Oliver Stone’s "W." is meant to convey that George W. Bush is a lightweight who stumbled his way into the White House and misled the country. That’s not a hard thesis to sustain, and Stone makes an impressive effort in the re-enactments of cabinet meetings and other sessions in which the decision to invade Iraq was mulled and ultimately approved.
He also shows fairness to Bush, and good insight, by meaningfully depicting how becoming a Born-Again Christian turned the future president’s life around and transformed him from a boozing slacker who owed much of his life to his father’s string-pulling to a self-motivated force-to-be-reckoned with. At one point, a preacher tells the young Bush, soon to become governor of Texas, to treat everyone he meets "as if they were going to be dead at 12 o’clock" and show them unconditional love.

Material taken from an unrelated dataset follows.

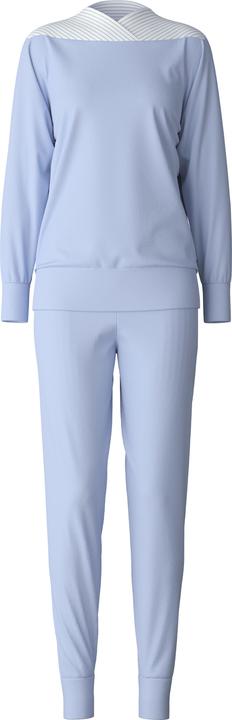 Immagine prodotto Calida Soulmate Bündchen-Pyjama (L)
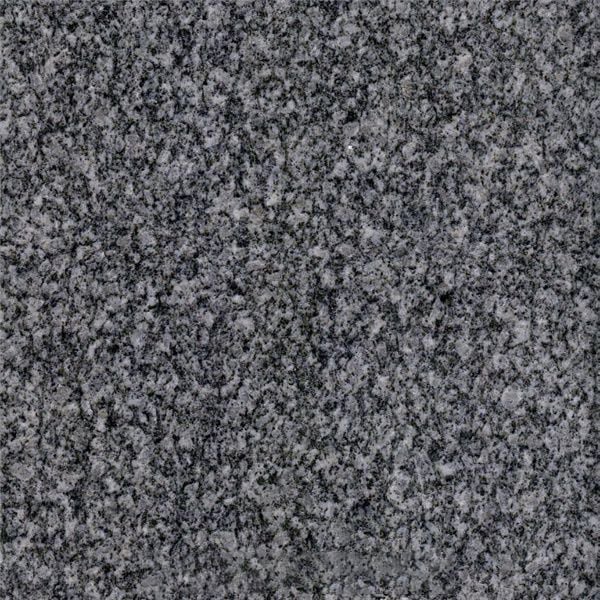 Classic Grey Granite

But depicting the life and presidency of George W. Bush with no reference at all to the protracted Florida legal battle that put him in office, which can either be described as his narrow victory or the misappropriation of the White House, depending on your perspective, is very much like depicting World War II with no reference to Pearl Harbor.
How Bush got into office and the shadow those events cast over his tenure is essential to understanding the Bush presidency. So is his more successful 2004 re-election and the "swift-boat" attacks on John Kerry that allowed him to finally outshine his father by winning the second term denied the old man.
Hurricane Katrina and the infamous "heck of a job, Brownie" reaction of the bumbling administration are also too pivotal to be excluded. True, there is only so much you can cram into a two-hour film, but Stone in two separate scenes shows the president choking on a pretzel –- as if that reflects more on his stewardship than the political purging of federal prosecutors, the Valerie Plame CIA leak or the disastrous and ill-fated nomination of his counsel, Harriet Myers, to the Supreme Court.
As it is, Stone’s film – evidently rushed for release before Election Day— wastes brilliant performances by nearly all the actors involved, particularly James Brolin (above) in the lead role and Richard Dreyfus as Dick Cheney, on an uneven film that toggles between farce and critical biopic. Once scene that has Bush and his inner circle, the most powerful men and woman in America wandering around Bush’s Crawford ranch, having lost their way – ostensibly a metaphor for the administration’s direction – looks like a late night TV skit with well-costumed and made-up actors trying their best to look foolish. Condoleezza Rice,as portrayed by Thandie Newton, comes across as particularly moronic, saying little in most scenes, sometimes simply repeating what others say, and usually coming across as completely intimidated by the men around her, an evasion (perhaps kind) of her pivotal role as Bush’s top foreign policy advisor. Colin Powell is portrayed more generously by Jeffrey Wright a the principled man in the room who ultimately caves in to the inevitable and supports the war at the UN.
Bush defenders will rightfully note that this film creates the misimpression that the Iraq war immediately undid the Bush presidency, if not Bush himself (in a dream sequence he is seen squaring off with his scornful father, who calls the war a "fiasco," an affirmation of his longstanding disapproval) without regard to two significant facts.
First, Bush was handily re-elected at a point where the war was it its deadliest, a year after his ridiculous "mission accomplished" aircraft carrier stunt. Secondly, the 2007 troop surge, rebuffed by Democrats and other critics as further escalation of a losing war, has earned Bush bragging rights, having drastically reduced the number of American casualties and stabilized Iraq to the point that a phased, victorious withdrawal is no longer a pipe dream.
Some say Stone was too kind to the president, considering his known left-wing bent. But what’s evident is that he was unfair to himself, cranking out a restrained and muddled effort that teases us with the possibility of a better, more illuminating film.